Wäre super, wenn ich Feedback bzgl. meiner Auswahl bekommen könnte oder mir jemand ein "bessere" SPS für die Einsatzzwecke empfehlen kann.

Grüße
Stefan


----------



## lucipher (18 Juli 2014)

Hi,

für die Heimautomatisierung benötigst du keine NC Runtime, da du ja keine Achsen über die SPS steuern möchtest. Die PLC ist die benötigte Runtime.

TC3 ist der Weg zu mehr Hochsprachenprogrammierung von Steuerungen. Bei meiner CX9020 ist noch die TC2 Runtime drauf und das Ding tut hier auch seinen Dienst. Dazu habe ich 10W weniger Verlustleistung.

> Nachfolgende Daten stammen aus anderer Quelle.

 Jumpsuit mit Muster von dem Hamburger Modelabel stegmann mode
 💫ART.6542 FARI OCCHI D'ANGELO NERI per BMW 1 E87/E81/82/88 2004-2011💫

Wenn du auf zwei Ebenen möchtest kannst du das über eine Klemmbusverlängerungs Klemme durchführen. Da musst du aber einen Kurzen Kabelweg haben (max. 5m). Ansonsten einen weiteren Controller um an den Bus zu koppeln. Hier benötigst du aber einen entsprechend tiefen UV, damit du die Klemmen unterbringst. Sind ja keine REG.

Gruß

Sascha


----------



## wolfi-sps (18 Juli 2014)

Hallo,
wir haben vor zwei Jahren gebaut und habe alles mit WAGO  realisiert (Heizung, Lüftung, Licht Enocen, Jalousie .......) und auf  ein Panel visualisiert.
Habe drei Stockwerke - zwei  Steuerungen/Verteilungen pro Stock für die Haustechnik, eine für die  Lüftung, Pelletskessel lese ich über Modbus aus.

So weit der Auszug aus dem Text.